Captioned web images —
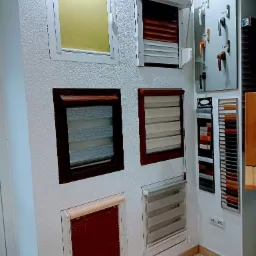 Ekspozycja różnych typów osłon okiennych: rolety zwijane w białej ramie, żaluzje poziome w ramie drewnopodobnej, roleta zewnętrzna z listwami w kolorze drewna, paleta kolorów i wzornik klamek...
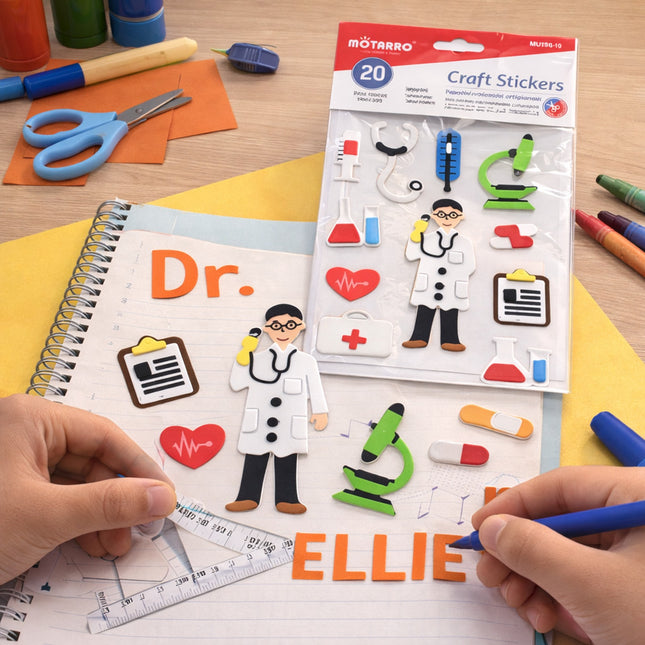 Craft stickers with doctor and science-themed designs on a table with stationery items.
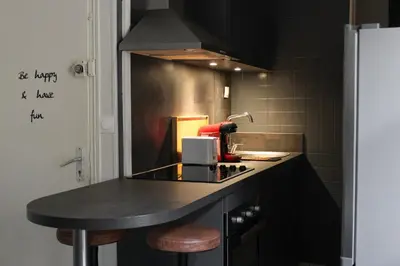 Cuisine ou kitchenette dans l'établissement Le Duplex appartement proche de la Cathédrale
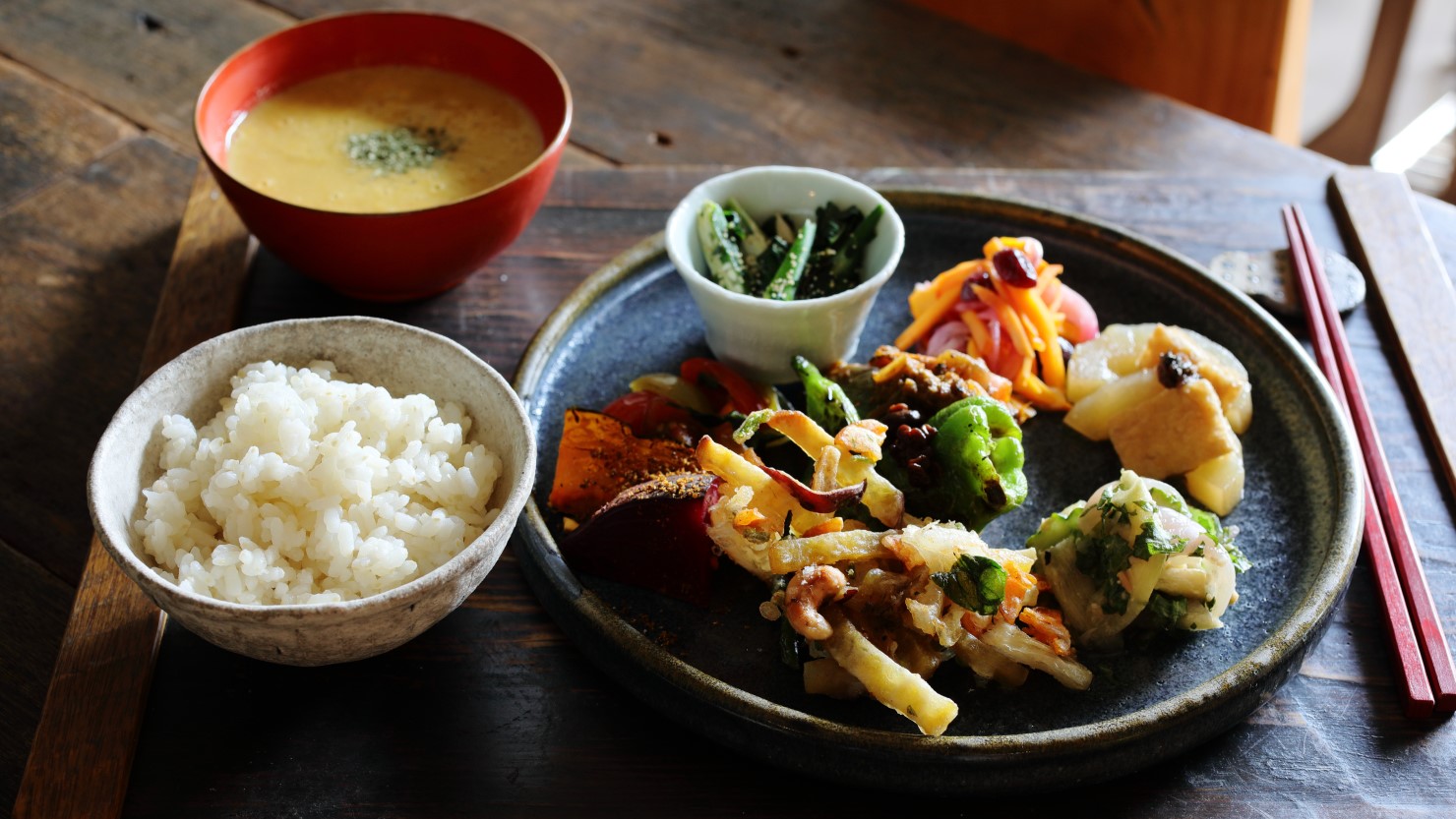 「今日の定食」(1,500円)。この日は「やさいかきあげ」「コリンキーとクランベリーのラペ」「黄瓜の煮もの」「ラタトゥイユ」「モロヘイヤとオクラのおひたし」「プチトマトのバジル炒め」「ハスイモときゅうりの白味噌あえ」「グリルやさい」「五分づきご飯」「やさいスープ」。どれも野菜の甘みなど味わいを活かしたシンプルな味付けで、変化に富んだひと皿に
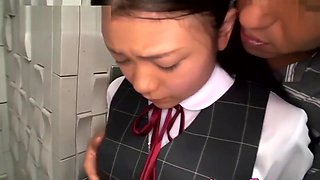 Japanese big tits schoolgirl with pigtails takes a cock inside her mouth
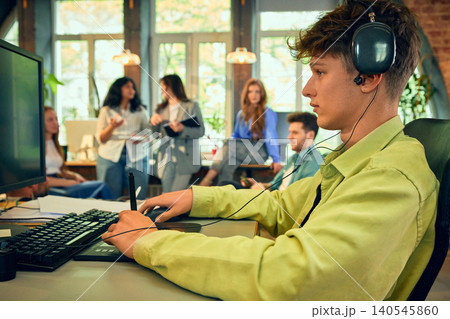 Young designer working with headphones at computer in creative office. Young designer working with headphones at computer in creative office. 140545860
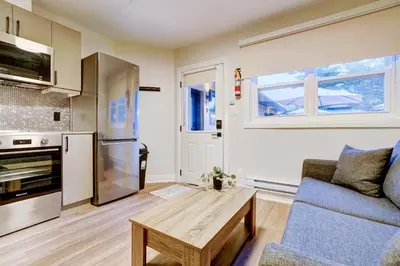a living room with a couch and a table at Adrian's Suites 1 Bedroom Junior Suite in Wasaga Beach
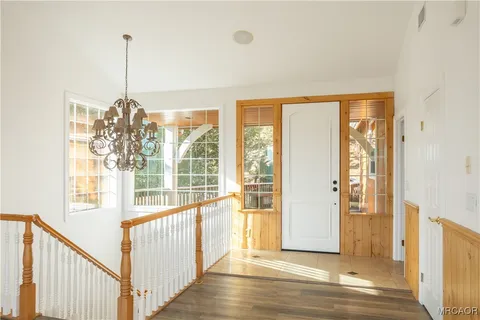a view of a room with wooden floor and windows
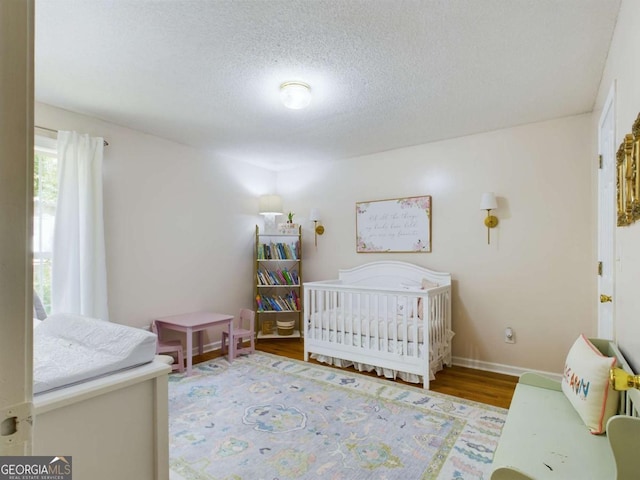 bedroom with a textured ceiling, a crib, wood finished floors, and baseboards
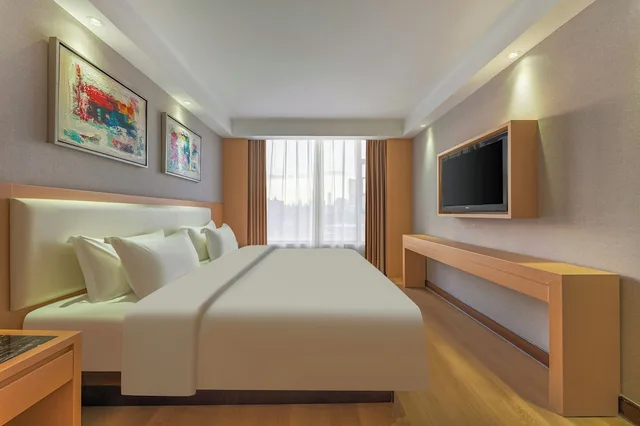 غرفة بزنس بسرير كوين، Meihao Mingyue Hotel International Finance City Keyun Road Metro Branch 1/10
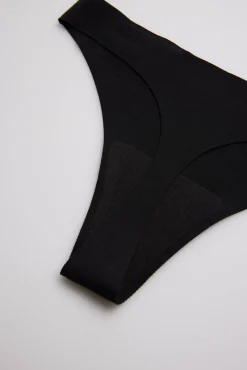 Tanga láser invisible negro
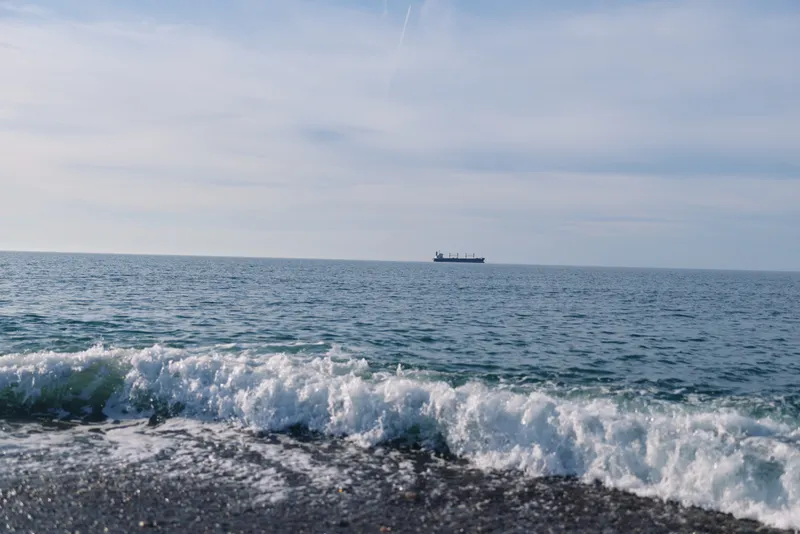 Sea scene with gentle waves breaking on a pebbled shore and a distant ship on the horizon under a clear sky, capturing calm coastal mood and open ocean.
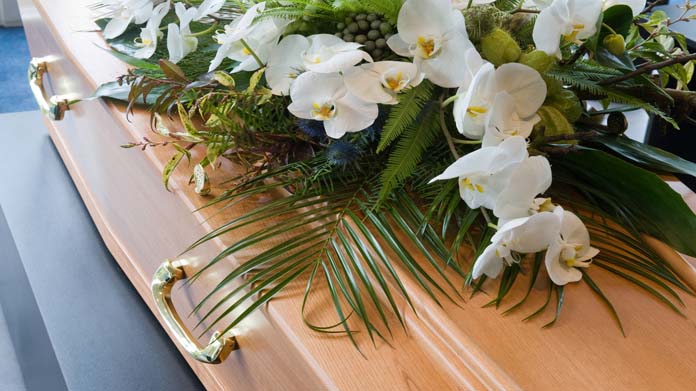 Casket with a flower blanket on top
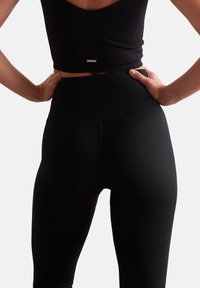 Black ribbed leggings with a high waist and minimal branding. The fabric features a textured pattern and snug fit for comfort.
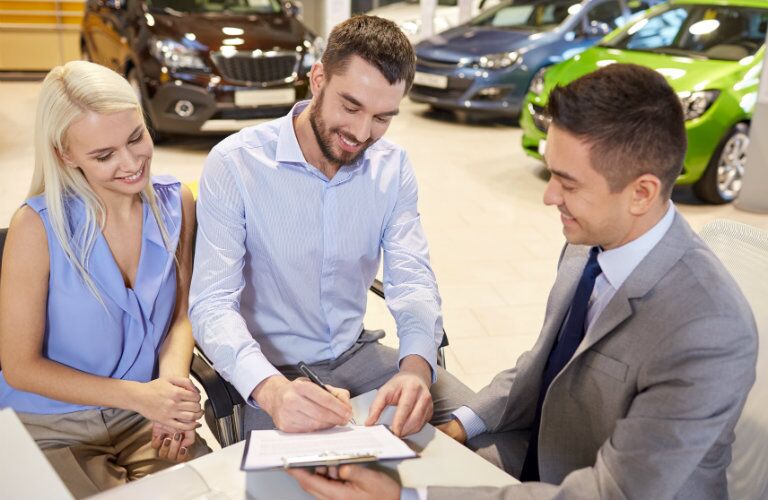 clients getting their questions answered at a car dealership
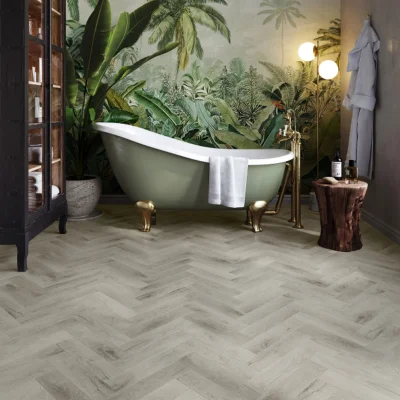 Mint-green freestanding clawfoot tub with brass feet and a white towel, in a tropical plant mural bathroom with a herringbone wood floor.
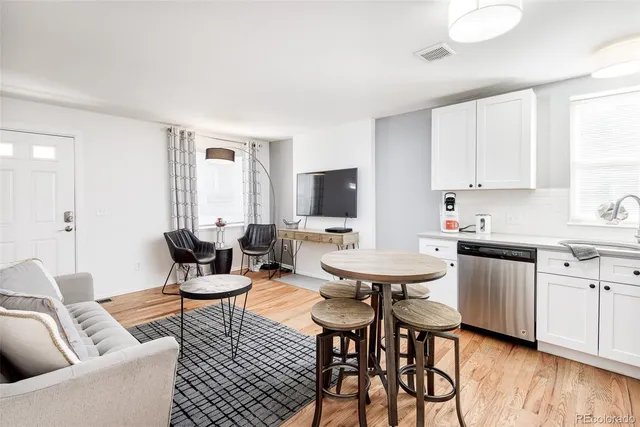 a view of kitchen with cabinets table and chairs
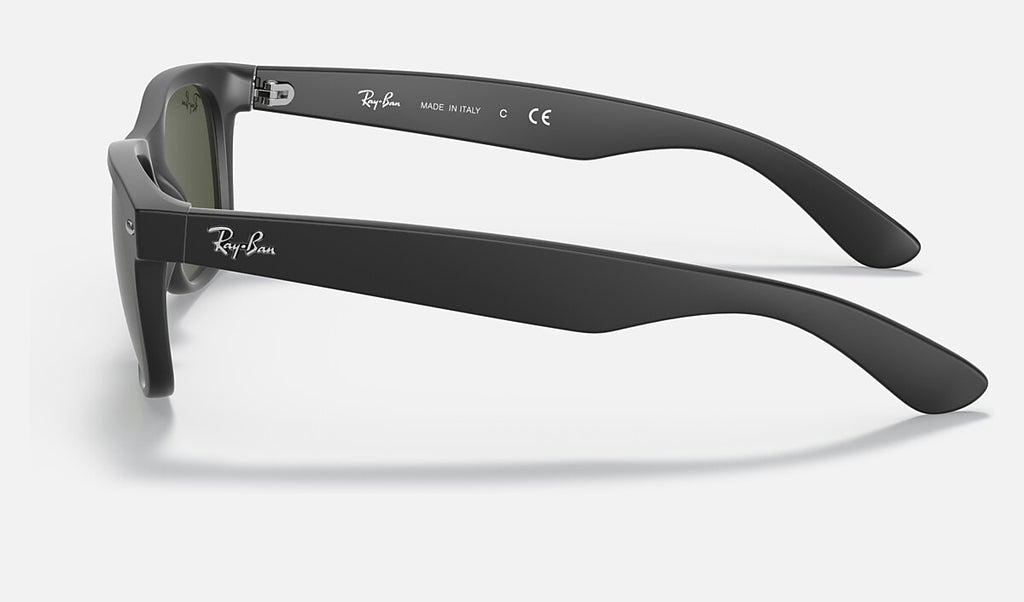 Ray-Ban wayfarer sunglasses side view, matte black frame with green lens.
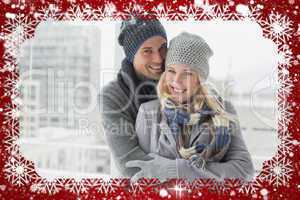 Cute couple in warm clothing smiling at camera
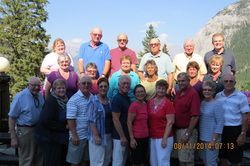 A group of people are posing for a picture in front of a mountain.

What you have to do — Print exactly the lines running from the start of the entries above to the line with "creative office. 140545860", both included; leave out any pictures.

Exercise solution —
 Ekspozycja różnych typów osłon okiennych: rolety zwijane w białej ramie, żaluzje poziome w ramie drewnopodobnej, roleta zewnętrzna z listwami w kolorze drewna, paleta kolorów i wzornik klamek...
 Craft stickers with doctor and science-themed designs on a table with stationery items.
 Cuisine ou kitchenette dans l'établissement Le Duplex appartement proche de la Cathédrale
 「今日の定食」(1,500円)。この日は「やさいかきあげ」「コリンキーとクランベリーのラペ」「黄瓜の煮もの」「ラタトゥイユ」「モロヘイヤとオクラのおひたし」「プチトマトのバジル炒め」「ハスイモときゅうりの白味噌あえ」「グリルやさい」「五分づきご飯」「やさいスープ」。どれも野菜の甘みなど味わいを活かしたシンプルな味付けで、変化に富んだひと皿に
 Japanese big tits schoolgirl with pigtails takes a cock inside her mouth
 Young designer working with headphones at computer in creative office. Young designer working with headphones at computer in creative office. 140545860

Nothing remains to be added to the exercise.